March 29, 2015

in Daily updates

Close on the heels of the last period of exceptional activity, another such span is just beginning.

Today, I need to write a paper on Ross Zucker’s Democratic Distributive Justice, to be submitted by 6pm.

Monday, there is a Toronto350.org board meeting, where we will hopefully be able to finalize our by-laws. There is also a divestment planning meeting from 6-8pm, which conflicts.

Tuesday, I have my markets and justice course, and then the normal Toronto350.org planning meeting.

Wednesday, I have my first tutorials since the strike began. I have also been asked to take part in the dramatic reading of a play.

By April 10th, we need to have the final version of the divestment brief ready for the committee.

On April 17th, we are actually presenting to the committee.

By April 21st, I need to write another term paper for my markets and justice course.

And by the 1st of May, I need somewhere new to live.


This year’s Walter Gordon Symposium was a thought-provoking discussion on public policy.

I also got to ask what, despite all the training beforehand, was the most surprising thing about flying in the space shuttle.


Brief update beta

March 26, 2015

in Daily updates

Thanks to 72 hours spent awake and a star team of quick-turnaround proofreaders, we were able to get an updated version of the fossil fuel divestment brief to the ad hoc committee in time for their meeting tomorrow.

Also, there is a union meeting happening right now to decide if the strike should go to binding arbitration.

Now, I just need to finish photographing the Walter Gordon Symposium.


After working on the brief from 10am to nearly midnight yesterday, I decided to go to sleep without learning the result of the latest CUPE 3902 ratification vote. I had a difficult time of it, experiencing the worst headache I can remember for almost the entire night. I found that putting pressure on one part of my right forehead helped slightly to alleviate it.

This morning, I was surprised to see that the latest tentative agreement had been rejected, despite significant efforts from the union administration to push it: with most of them arguing for acceptance at the last general meeting, emails from the union calling for members to vote yes, and even robocalls from CUPE 3902 local chair Erin Black urging members to vote yes.

The breakdown of the vote ended up as 992 in favour, 1101 opposed, 4 spoiled ballots, and 27 rejected ballots.

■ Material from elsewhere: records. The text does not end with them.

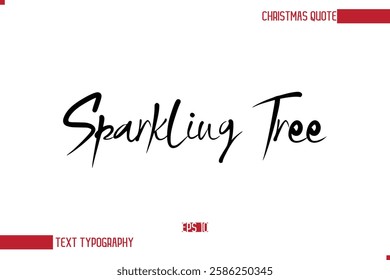 Modern Cursive Typography Text Of Christmas Saying Sparkling Tree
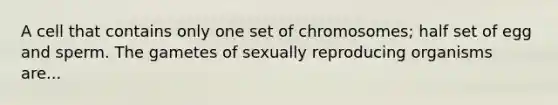 A cell that contains only one set of chromosomes; half set of egg and sperm. The gametes of sexually reproducing organisms are...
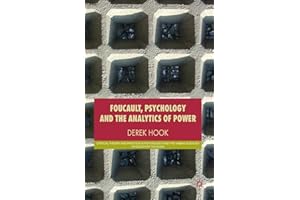 Foucault, Psychology and the Analytics of Power (Critical Theory and Practice in Psychology and the Human Sciences)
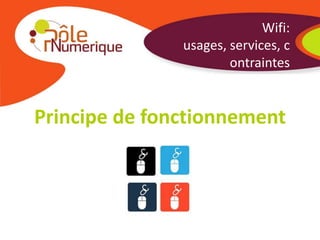 Wifi: usages,
                      services,
                   contraintes


Principe de fonctionnement
 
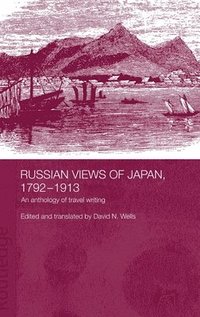 bokomslag Russian Views of Japan, 1792-1913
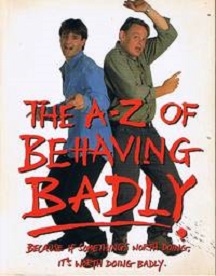 The A-Z of Behaving Badly - Because if Something's Worth Doing, It's Worth Doing Badly - Nye, Simon and Dornan, Paul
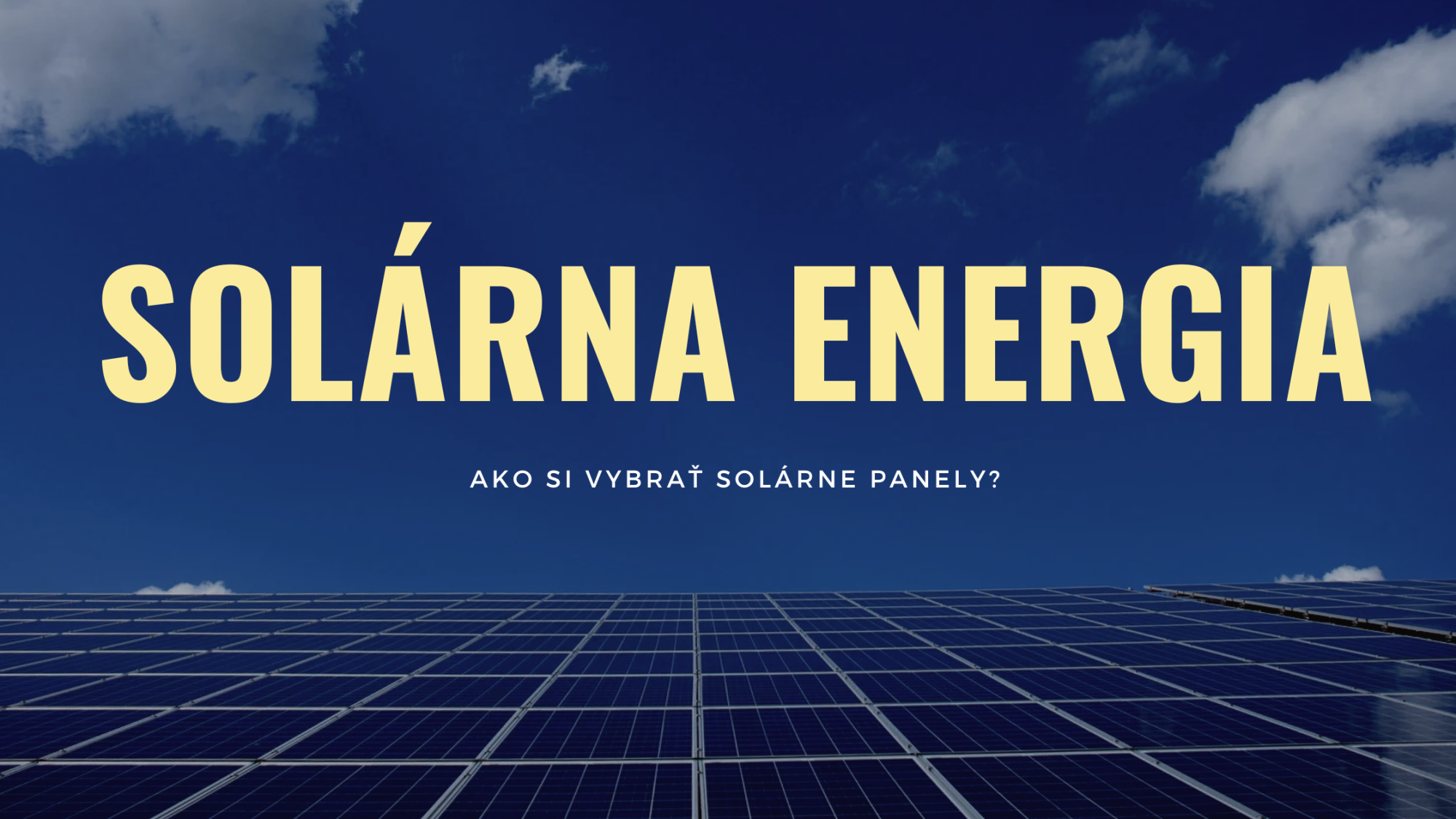 Ako si vybrať solárne panely: tipy na výber, úsporu a dôležité faktory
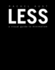 Less: a Visual Guide to Minimalism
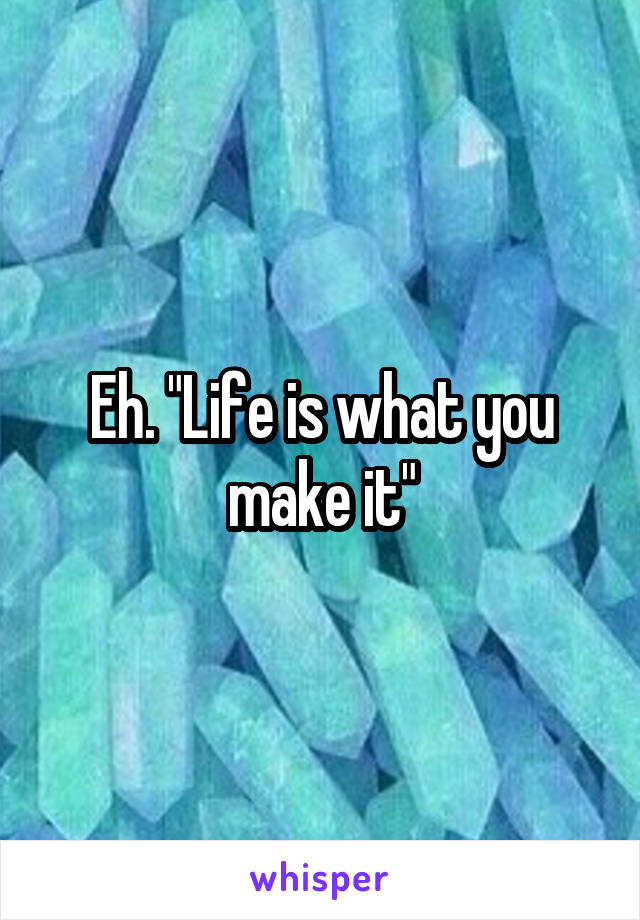 Eh. "Life is what you make it"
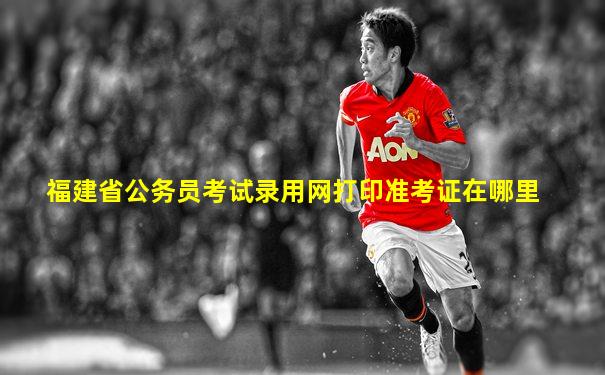 福建省公务员考试录用网打印准考证在哪里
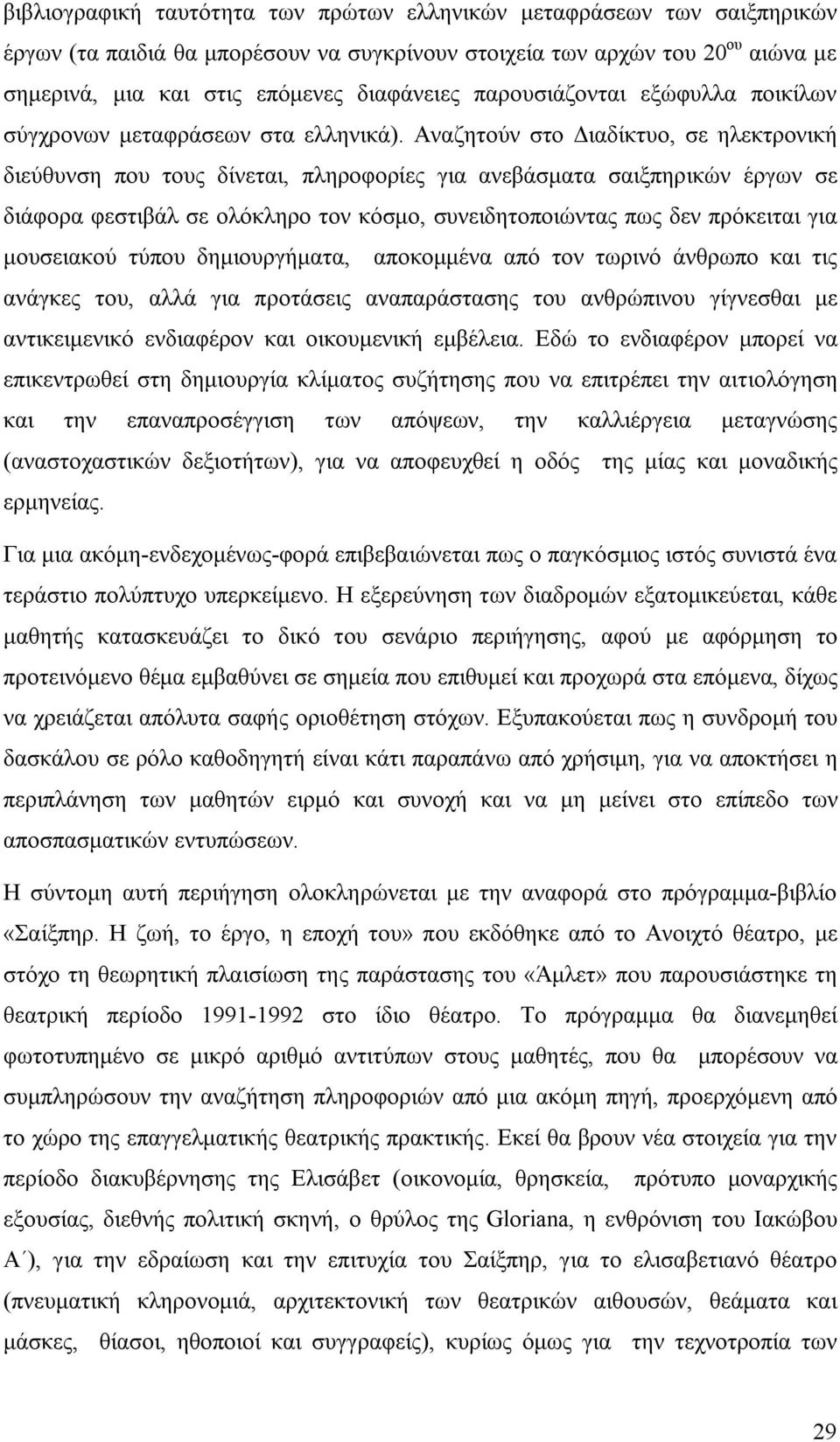 Αναζητούν στο Διαδίκτυο, σε ηλεκτρονική διεύθυνση που τους δίνεται, πληροφορίες για ανεβάσματα σαιξπηρικών έργων σε διάφορα φεστιβάλ σε ολόκληρο τον κόσμο, συνειδητοποιώντας πως δεν πρόκειται για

At least one member of the bargaining team said she would resign if this tentative agreement was rejected. We will see if any other personnel changes take place, as well as what sorts of escalation will be put to use this week.

This is a critical time period for the strike. As of now, it’s still possible to salvage a reasonably normal semester, if an agreement is reached soon. TAs can begin with the backlog of grading, perhaps replace some missed tutorials and labs, and be available for final exam inviligation and grading. If the strike goes on much longer, however, that option becomes less and less plausible and the possibility of the university invoking some sort of academic continuity policy to make TA labour unnecessary rises. The extension of the term into the ‘summer’ (which at U of T means ‘May’) also seems to become more plausible.

I am going to keep doing photographic work and picketing as much as I can, while still trying to get the brief update done before the ad hoc committee meets on the 27th…


I wrote this before seeing the result of the latest CUPE 3902 ratification vote.

One element of the strike for which I am grateful was being able to meet so many fellow students and teachers on the picket lines. I have often likened U of T to an amoeba with no centre – just a collection of loosely bound parts which are considered in some rough sense to be a single organism. Being out on the pickets has exposed me to a wider variety of fellow U of T people than anything that has happened before during my three years here. I have dozens of new people to follow on Twitter.

The strike has also been another example of a political struggle against difficult odds, and the way in which the strength of a moral argument is often overwhelmed by the relative power of those involved in it. The strike has also been a demonstration of how difficult it is to even bring people to the fight. Only a small subset of CUPE members ever showed up on the picket lines and an impossible-to-fully-know but at least moderate proportion just kept working.

The strike also demonstrated tensions between hierarchy, democracy, and strategic success. All the picket line chants were about democracy and universal involvement, but the union administration is inevitably an entity with interests of its own. It’s certainly hard for 6,000 people to make any kind of coherent decision – especially when those who are best informed tend to favour secrecy the most, and when there is a militant band full of enthusiasm for shutting down any public discussion aside from pep and slogans in the name of tactics and strategy.

For the big fights confronting us – climate change, most notably – we need to deal with both of those problems: find ways for the moral demands of the many to win over the entrenched power structures of the few, and find ways to make people active, political, and part of movements that can win.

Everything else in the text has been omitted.